Pemerintah Harus Gratiskan Pendidikan SD–SMP Negeri dan Swasta

Pemerintah Harus Gratiskan Pendidikan SD–SMP Negeri dan Swasta

NASIONAL, kiprahkita.com Mahkamah Konstitusi (MK) memutuskan bahwa pemerintah, baik pusat maupun daerah, wajib menggratiskan pendidikan dasar yang diselenggarakan pada satuan pendidikan SD, SMP, dan madrasah atau sederajat, termasuk di sekolah negeri maupun swasta.

MK Suhartoyo saat membacakan amar Putusan Nomor 3/PUU-XXII/2024 di Gedung MK RI, Jakarta, Selasa (27/5/2025).

"Mengabulkan permohonan para pemohon untuk sebagian," kata Ketua MK Suhartoyo saat membacakan amar Putusan Nomor 3/PUU-XXII/2024 di Gedung MK RI, Jakarta, Selasa (27/5/2025).

MK menyatakan bahwa frasa "wajib belajar minimal pada jenjang pendidikan dasar tanpa memungut biaya" dalam Pasal 34 ayat (2) Undang-Undang Nomor 20 Tahun 2003 tentang Sistem Pendidikan Nasional (Sisdiknas) menimbulkan multitafsir dan perlakuan diskriminatif. Karena itu, frasa tersebut dinilai bertentangan dengan Undang-Undang Dasar Negara Republik Indonesia Tahun 1945.

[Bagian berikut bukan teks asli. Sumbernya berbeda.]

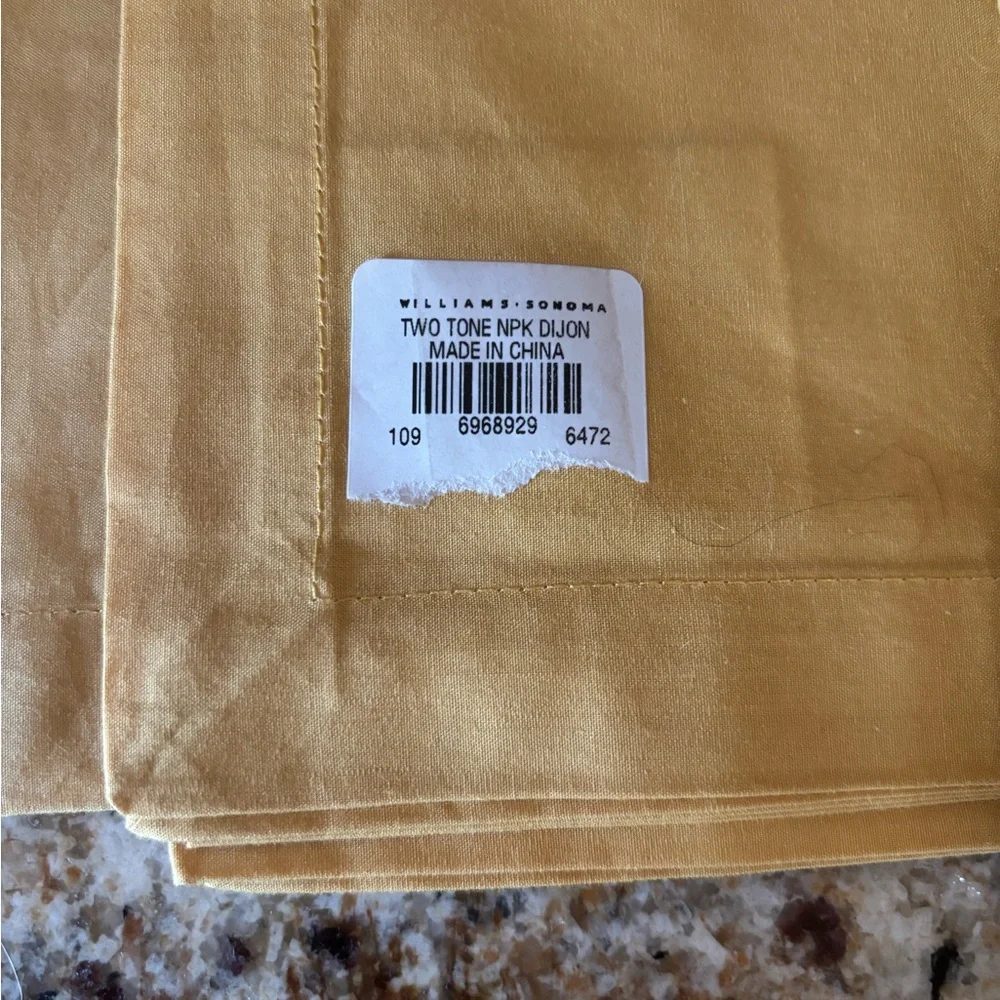 Williams Sonoma NWT set of 4 Dijon Yellow cotton Napkins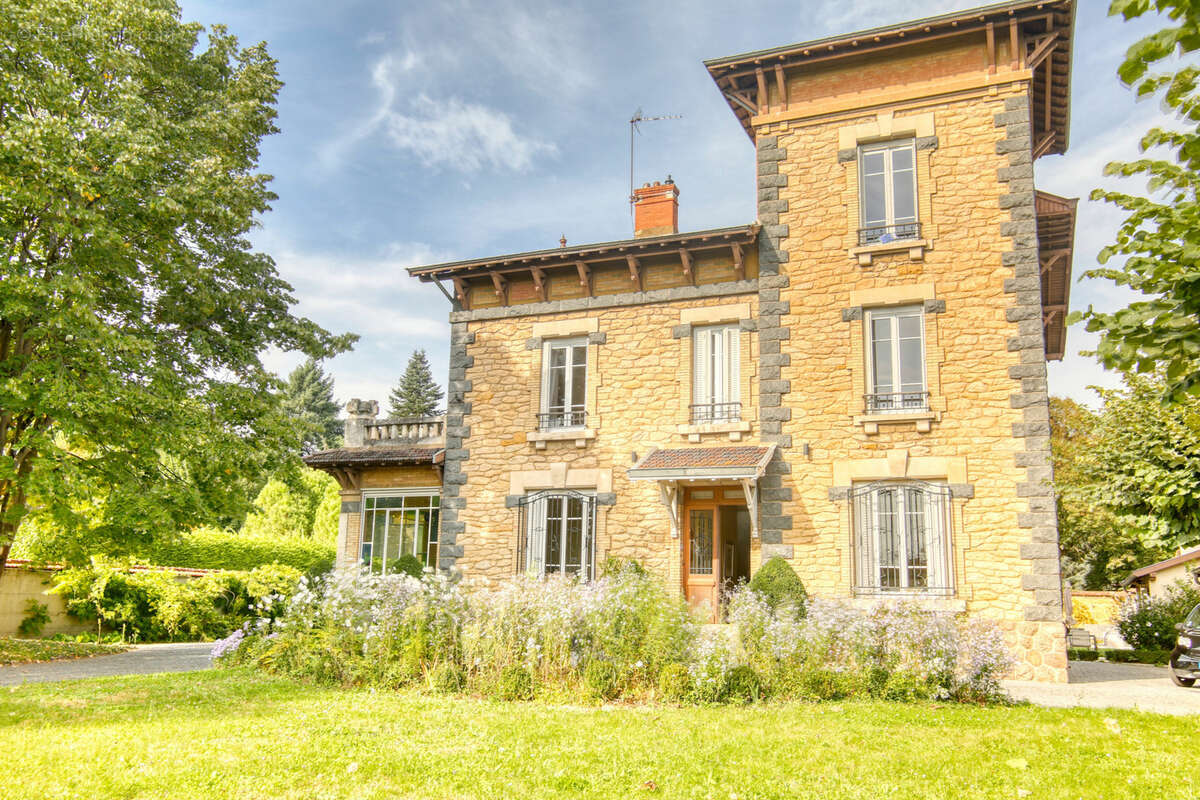 Maison à TASSIN-LA-DEMI-LUNE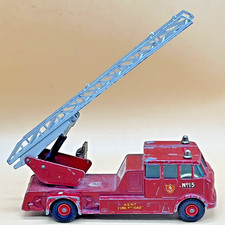 Matchbox K-15 Merryweather Fire Engine Vintage Diecast Red Ladder Truck VGC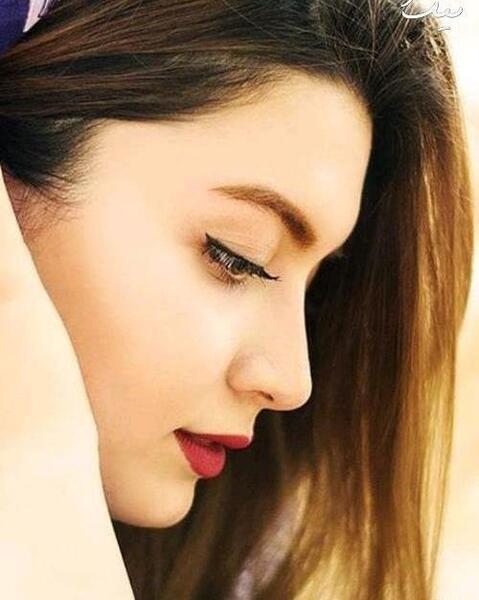 عکس دختر زیبا از نیمرخ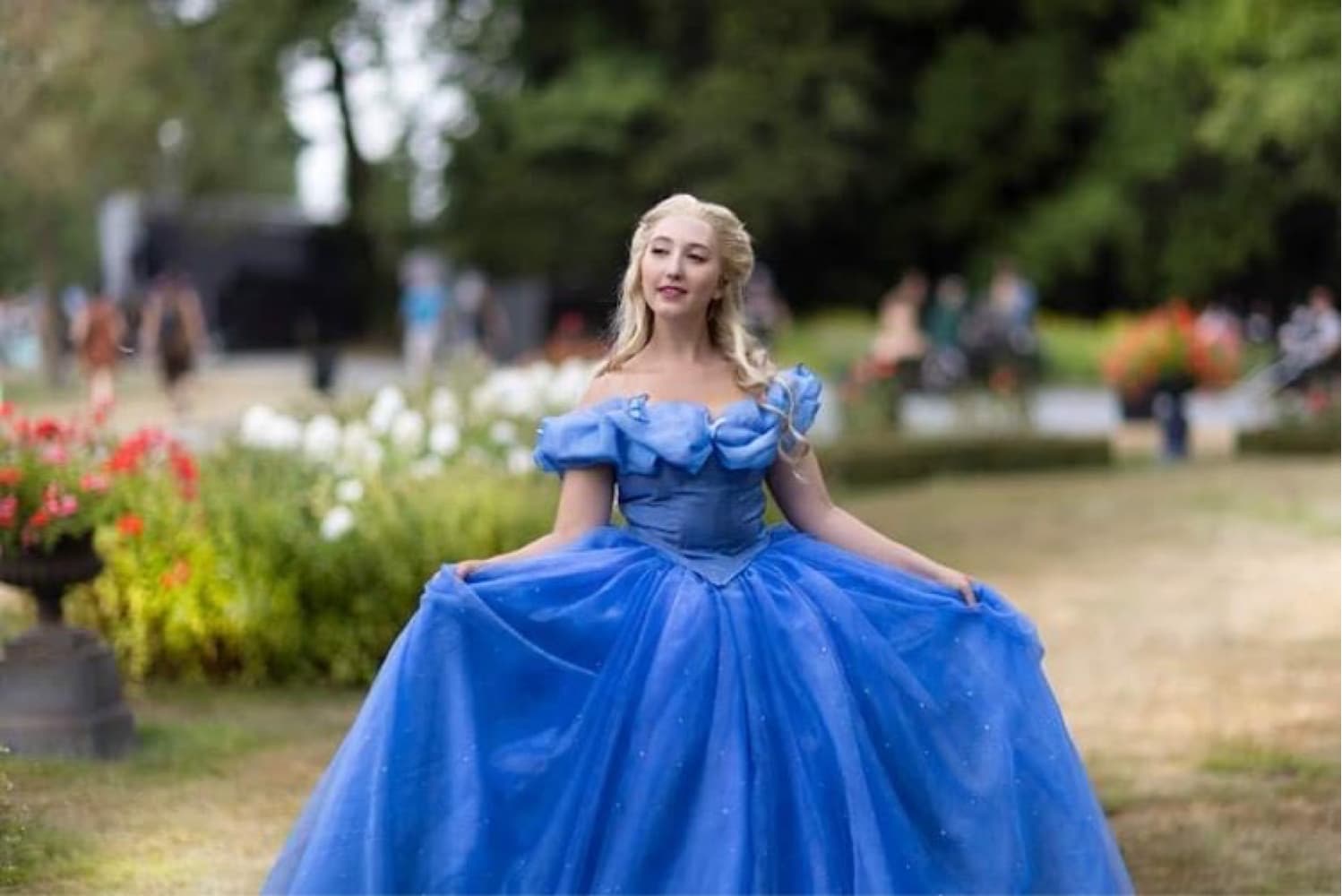 Cinderella  - Photo 7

Hakim Konstitusi Enny Nurbaningsih menjelaskan bahwa selama ini frasa tersebut hanya diterapkan pada sekolah negeri. Akibatnya, terjadi kesenjangan akses pendidikan dasar bagi siswa yang harus bersekolah di sekolah swasta karena keterbatasan daya tampung sekolah negeri.

“Dalam situasi seperti itu, negara tetap memiliki kewajiban konstitusional untuk memastikan tidak ada peserta didik yang terhambat memperoleh pendidikan dasar hanya karena faktor ekonomi atau keterbatasan sarana pendidikan,” jelas Enny.

Lebih lanjut, MK menegaskan bahwa konstitusi tidak membedakan satuan pendidikan dasar yang wajib dibiayai negara. Pasal 31 ayat (2) UUD 1945 mengamanatkan bahwa negara wajib membiayai pendidikan dasar agar seluruh warga negara dapat mengikuti pendidikan tersebut.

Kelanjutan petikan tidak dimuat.